Impeccabile la realizzazione, tante e belle le trovate,
prima di tutto la storia della porte, ma anche il terrore
che i mostri hanno dei bambini (io mi sono immedesimata alla
grande). E' il film nel suo insieme che non funziona,
soprattutto paragonato all'immortale A bug's life o al
concorrente Shrek. Per fortuna che "Pennuti
Spennati", il corto che lo precede, vale il costo del
biglietto.
Mafe
------ Monsters Inc. -
MONSTER&CO
La Pixar colpisce nuovamente nel segno,
con un lungometraggio che abbina la tecnologia piu'
sofisticata al piacere della narrazione. Grazie alle
innumerevoli possibilita' offerte dalla creazione di un
mondo di sintesi, "Monsters & Co." racconta
cosa potrebbe nascondersi dietro al buio notturno di armadi
e porte cigolanti. Si entra cosi' a contatto con un mondo
fatto di mostri, la cui sopravvivenza dipende dall'energia
ottenuta dalle urla di spavento procurate ai bambini.
L'universo inventato dai creativi della Pixar ribalta quindi
il punto di vista ed immette lo spettatore in una dimensione
parallela, dove fare paura diventa un lavoro che richiede
costanza, attitudine e determinazione. Regole analoghe,
quindi, al mondo umano, a partire dall'organizzazione fino
alle dinamiche sociali del successo e della competizione.

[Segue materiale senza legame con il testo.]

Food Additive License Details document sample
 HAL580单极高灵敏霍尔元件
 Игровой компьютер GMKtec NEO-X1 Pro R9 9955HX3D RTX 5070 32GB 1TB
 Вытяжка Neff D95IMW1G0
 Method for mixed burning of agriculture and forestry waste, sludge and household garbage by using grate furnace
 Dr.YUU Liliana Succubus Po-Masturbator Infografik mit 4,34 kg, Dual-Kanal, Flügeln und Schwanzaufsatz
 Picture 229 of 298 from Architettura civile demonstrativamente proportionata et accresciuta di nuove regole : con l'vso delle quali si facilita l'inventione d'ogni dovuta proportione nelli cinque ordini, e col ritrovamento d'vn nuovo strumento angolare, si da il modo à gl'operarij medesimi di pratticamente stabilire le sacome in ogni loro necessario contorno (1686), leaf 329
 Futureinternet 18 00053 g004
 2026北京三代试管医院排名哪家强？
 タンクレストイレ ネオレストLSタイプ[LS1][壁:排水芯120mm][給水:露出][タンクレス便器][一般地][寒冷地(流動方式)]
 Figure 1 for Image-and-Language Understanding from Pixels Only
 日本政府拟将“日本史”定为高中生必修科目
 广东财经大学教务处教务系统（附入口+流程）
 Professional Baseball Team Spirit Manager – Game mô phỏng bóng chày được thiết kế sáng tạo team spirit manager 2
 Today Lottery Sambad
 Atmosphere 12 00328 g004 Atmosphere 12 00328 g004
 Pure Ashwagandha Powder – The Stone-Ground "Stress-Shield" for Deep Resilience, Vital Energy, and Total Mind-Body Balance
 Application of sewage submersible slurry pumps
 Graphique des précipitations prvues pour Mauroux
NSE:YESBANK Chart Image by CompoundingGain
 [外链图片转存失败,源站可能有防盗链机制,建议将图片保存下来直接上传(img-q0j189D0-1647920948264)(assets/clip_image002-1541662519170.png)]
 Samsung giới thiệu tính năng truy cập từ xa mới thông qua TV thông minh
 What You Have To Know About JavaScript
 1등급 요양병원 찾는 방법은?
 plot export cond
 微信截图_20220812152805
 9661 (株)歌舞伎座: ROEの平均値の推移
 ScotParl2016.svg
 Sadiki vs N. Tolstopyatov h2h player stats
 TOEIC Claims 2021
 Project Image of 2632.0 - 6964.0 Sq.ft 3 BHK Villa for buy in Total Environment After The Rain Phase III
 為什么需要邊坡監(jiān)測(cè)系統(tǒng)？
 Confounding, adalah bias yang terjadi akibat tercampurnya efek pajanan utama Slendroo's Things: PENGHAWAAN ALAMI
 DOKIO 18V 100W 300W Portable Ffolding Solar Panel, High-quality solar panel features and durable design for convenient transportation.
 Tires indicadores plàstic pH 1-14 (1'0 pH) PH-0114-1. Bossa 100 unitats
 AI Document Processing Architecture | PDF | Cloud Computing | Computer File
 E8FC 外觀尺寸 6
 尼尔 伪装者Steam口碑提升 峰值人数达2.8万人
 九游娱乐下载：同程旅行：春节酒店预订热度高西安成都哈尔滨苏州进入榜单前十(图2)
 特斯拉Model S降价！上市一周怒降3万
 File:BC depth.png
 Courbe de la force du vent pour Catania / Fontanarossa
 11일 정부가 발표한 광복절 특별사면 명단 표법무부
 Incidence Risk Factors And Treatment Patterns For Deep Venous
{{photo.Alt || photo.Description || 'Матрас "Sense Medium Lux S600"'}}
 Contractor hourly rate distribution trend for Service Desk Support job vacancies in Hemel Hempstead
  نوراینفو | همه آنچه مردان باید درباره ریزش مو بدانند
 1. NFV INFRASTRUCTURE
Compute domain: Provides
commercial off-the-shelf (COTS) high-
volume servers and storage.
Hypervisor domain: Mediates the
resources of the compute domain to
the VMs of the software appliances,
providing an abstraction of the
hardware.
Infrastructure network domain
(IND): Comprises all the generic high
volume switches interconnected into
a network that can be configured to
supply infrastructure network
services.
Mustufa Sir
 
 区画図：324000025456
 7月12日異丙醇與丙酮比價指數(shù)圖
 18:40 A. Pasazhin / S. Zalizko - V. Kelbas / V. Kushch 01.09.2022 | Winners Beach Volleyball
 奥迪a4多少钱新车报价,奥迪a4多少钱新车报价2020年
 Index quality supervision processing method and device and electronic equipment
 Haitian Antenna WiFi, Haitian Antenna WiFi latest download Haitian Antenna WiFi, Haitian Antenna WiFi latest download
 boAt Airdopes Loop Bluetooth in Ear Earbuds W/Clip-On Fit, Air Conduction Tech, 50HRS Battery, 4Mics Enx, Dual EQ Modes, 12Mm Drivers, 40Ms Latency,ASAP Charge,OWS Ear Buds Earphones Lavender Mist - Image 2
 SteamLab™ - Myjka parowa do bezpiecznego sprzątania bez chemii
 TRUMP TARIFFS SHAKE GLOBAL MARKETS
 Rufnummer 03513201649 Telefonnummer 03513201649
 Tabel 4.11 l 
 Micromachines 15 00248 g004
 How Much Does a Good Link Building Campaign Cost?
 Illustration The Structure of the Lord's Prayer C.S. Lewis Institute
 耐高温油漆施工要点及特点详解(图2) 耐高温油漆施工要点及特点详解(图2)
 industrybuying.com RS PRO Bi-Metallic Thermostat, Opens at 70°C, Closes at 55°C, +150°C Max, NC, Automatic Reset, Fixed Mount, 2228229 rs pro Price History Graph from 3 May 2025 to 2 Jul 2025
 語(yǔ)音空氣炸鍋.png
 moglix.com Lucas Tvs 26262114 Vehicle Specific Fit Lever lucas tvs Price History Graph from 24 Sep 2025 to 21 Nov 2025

Grazie ai sempre piu' elevati standard di animazione digitale,
l'impatto visivo e' sorprendente. Basta pensare allo
spettacolare inseguimento finale, ma anche alla grande
espressivita' dei singoli personaggi.
Si fa fatica a credere
che le creature che si agitano sullo schermo siano il
risultato di un elaborato calcolo matematico. Il peloso
Sullivan, il mono-occhio Mike, la minuscola bambina,
infatti, diventano personaggi con cui si riesce ad
instaurare un rapporto di complicita'. Il divertimento e'
quindi assicurato, anche se la sceneggiatura, pur oliata, ha
qualche forzatura, dovuta probabilmente al tentativo di
piacere al maggior numero possibile di spettatori. Ogni
situazione, infatti, si risolve sfumando i lati oscuri:
tutti i personaggi, sono in fondo simpatici e buoni di cuore
e per creare un contrasto c'e' bisogno di un super-cattivo
da destinare ad adeguata punizione. Il ripetersi di questo
cliche' smorza un po' la partecipazione, banalizzando
l'evolversi degli eventi che, nonostante il forte ritmo,
assumono i connotati di una innaturale perfezione. Malgrado
questo taglio, forse meno presente nelle prime produzioni
Pixar, la capacita' di concretizzare la fantasia, la
maniacale cura del dettaglio e la forza delle gag,
permettono di godere appieno delle avventure di Sullivan e
dei suoi mostruosi amici. Ghiotta occasione anche per
gustare il corto "For the birds", vincitore
quest'anno dell'Oscar come miglior cortometraggio di
animazione. In pochi minuti la Pixar riesce a concentrare il
meglio della sua ricetta: una storia semplice, una
travolgente ironia e un grande talento visivo.